India’s natural gas consumption is expected to see a significant jump by the end of this decade, which in turn is set to lead to a surge in the country’s liquefied natural gas (LNG) imports, Paris-based International Energy Agency (IEA) said Wednesday.
According to IEA’s estimates, India’s gas consumption is seen rising nearly 60 per cent over to 2023 levels to 103 billion cubic metres (bcm), while LNG imports are set to more than double between 2023 and 2030 to 65 bcm a year, driven by steady demand growth and a much slower rise in domestic production.
In view of the anticipated growth in gas consumption, the multilateral energy agency recommended that India should completely deregulate pricing of domestic natural gas, unbundle gas marketing and transportation businesses, and focus on enhancing gas-related infrastructure and ensuring gas supply security, among others.
“India’s natural gas consumption is forecast to increase by nearly 60% by 2030, driven by robust growth in city gas distribution, industrial demand, and power generation… Targeted strategies and policy interventions could boost gas consumption beyond the forecasted trajectory to around 120 bcm/yr by 2030, close to the current gas consumption of the entire continent of South America,” the IEA said in its special publication ‘India Gas Market Report: Outlook to 2030’.
The targeted strategies mentioned by the IEA include driving higher utilisation of gas-based power plants, faster adoption of LNG in heavy-duty transport, and further accelerating expansion of city gas infrastructure.
Following over a decade of slow growth and periodic declines, India’s natural gas demand increased by more than 10 per cent in 2023 as well as 2024, indicating an “inflection point”, according to the IEA. India aims to increase the share of natural gas in its primary energy mix to 15 per cent by 2030 from a little over 6 per cent currently.
“While total gas consumption in 2023 was only marginally higher than 2011 levels, three key factors are now converging to drive substantial growth: rapid infrastructure, recovering domestic production, and an expected easing of global gas market conditions,” the agency said.
But India’s domestic gas production, which met nearly half of the country’s gas demand in 2023, is expected to grow only moderately through 2030. This means that much of the expected gas consumption surge will have to be serviced through import of LNG, or super-chilled gas.
“Between 2013 and 2023, India’s LNG imports increased by 70%, and reached 36 bcm in 2024, matching the previous record set in 2020 and cementing the country’s position as the fourth-largest LNG importer globally. Looking ahead, India’s LNG demand is projected to grow steadily, reaching 64 bcm/yr by 2030. This represents an annual average growth rate of 11% for the 2023-2030 period, twice the average rate observed in the previous ten years,” the IEA said.
The IEA, however, cautioned that India should undertake strategic planning in LNG procurement and import infrastructure over the coming years as the country could face a widening gap between contracted LNG supply and projected demand, particularly after 2028. This could potentially increase the country’s exposure to LNG price volatility unless new long-term contracts are secured. Indian LNG importers are in the market to ink more long-term LNG contracts to secure supplies for the next few years.

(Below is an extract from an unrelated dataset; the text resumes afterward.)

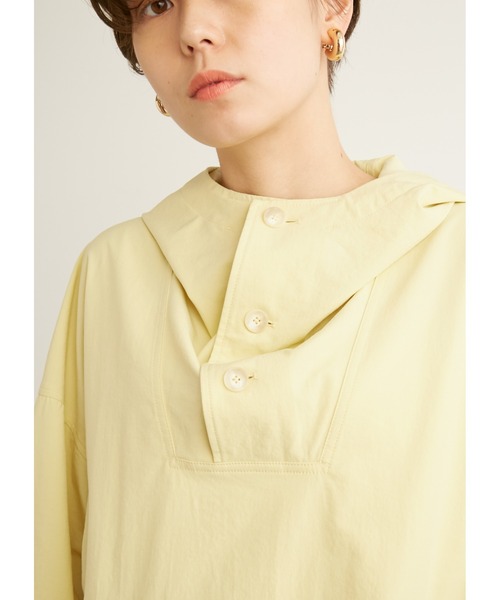 HELLY HANSEN（ヘリーハンセン）の「【emmi×HELLY HANSEN】W Teleg Light Anorak Jacket（マウンテンパーカー・レディース・イエロー・MEDIUM/LARGE）」の2枚目の写真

The agency noted that infrastructure development is playing a crucial role in enabling gas market growth in India. Since 2019, the country has nearly quadrupled the number of compressed natural gas (CNG) stations and more than doubled the number of residential gas connections. The country has also expanded its natural gas transmission pipeline network by 40 per cent. By 2030, CNG stations and residential gas connections are likely to double again, while the gas transmission grid may expand by another 50 per cent.
“The city gas distribution sector is expected to lead consumption growth in India between now and 2030, supported by rapid CNG infrastructure expansion and competitive pricing against liquid fuels. The heavy industry and manufacturing sectors are expected to add around 15 bcm of demand during this period, while gas use in oil refining is forecast to increase by more than 4 bcm as more refineries connect to the network,” the IEA said.